Danach wurde in eklatanter Weise die Kindeswohlprüfung verkürzt, so dass ein Verstoß gegen den ordre-public durch das Landgericht ohne Rechtsfehler festgestellt wurde.

Dies gilt unabhängig davon, ob die falschen Sachverhaltsangaben von der Antragstellerin stammen oder aber das Gericht selbst für die falsche Sachverhaltsdarstellung verantwortlich ist. Denn auch dann wurde die Entscheidung nicht am Kindeswohl orientiert (vgl. insoweit das Urteil des VG Berlin vom 17.05.2006 - 4 V 53.04, bei juris RZ 27).

Es führt auch nicht zur Begründetheit der weiteren Beschwerde, dass für die Beurteilung des ordre-public Verstoßes auf den Zeitpunkt der Entscheidung über die Anerkennung abzustellen ist (BGH FamRZ 1989, 378; BayObLGZ 1987, 439; BayObLGZ 2000, 180), also zugunsten der Antragstellerin auch solche das Kindeswohl betreffende Tatsachen zu berücksichtigen sind, die sich zeitlich nach der ausländischen Entscheidung ergeben haben.
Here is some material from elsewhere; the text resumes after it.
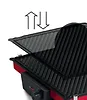 Bosch Grill elektryczny TCG4104
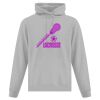 ATC EVERYDAY FLEECE HOODED SWEATSHIRT Thumbnail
Dies bedeutet nämlich nicht, dass eine nicht erfolgte oder aber völlig unzureichende Abwägung der Belange des Kindes durch eine neue von dem mit der Anerkennung betrauten Gericht vorzunehmende Abwägung ersetzt werden könnte. Zum einen werden dadurch nicht nachträglich entstandene Abwägungsbelange berücksichtigt. Zum anderen entspricht die erstmalige Durchführung einer vollständigen Kindeswohlprüfung nicht Sinn und Zweck des Anerkennungsverfahrens, dass eine vereinfachte Anerkennung ausländischer Entscheidungen ermöglichen soll (vgl. BT-Drucks. 14/6011, S. 32). Maßgebend ist allein, ob diese Entscheidung zur Zeit der Anerkennung mit den unverzichtbaren verfahrensrechtlichen und materiellen Bestimmungen deutschen Rechts vereinbar ist (vgl. LG Dresden JAmt 2006, 360). Insbesondere gibt deshalb das Anerkennungsverfahren keine Veranlassung, dass das zur Entscheidung über die Anerkennung berufene Gericht eine am ordre-public orientierte eigene Adoptionsprüfung an die Stelle der ordre-public widrigen ausländischen Entscheidung setzt (vgl. auch Weitzel JAmt 2006, 333, 334 VG Berlin, a.a.O., Rz 27, AG Hamm JAmt 2006, 361 f.).

Soweit in der weiteren Beschwerde neues Vorbringen zur Frage der Auslandsadoption enthalten ist, insbesondere, dass nahezu die gesamte Familie des Kindes in Deutschland lebt, kann dies vom Senat nicht berücksichtigt werden, weil dem Landgericht die entsprechenden Tatsachen nicht bekannt waren. Der Senat ist auf die reine Rechtsüberprüfung beschränkt, § 27 FGG.

Die Kostenentscheidung folgt aus § 13 a Abs. 2 FGG.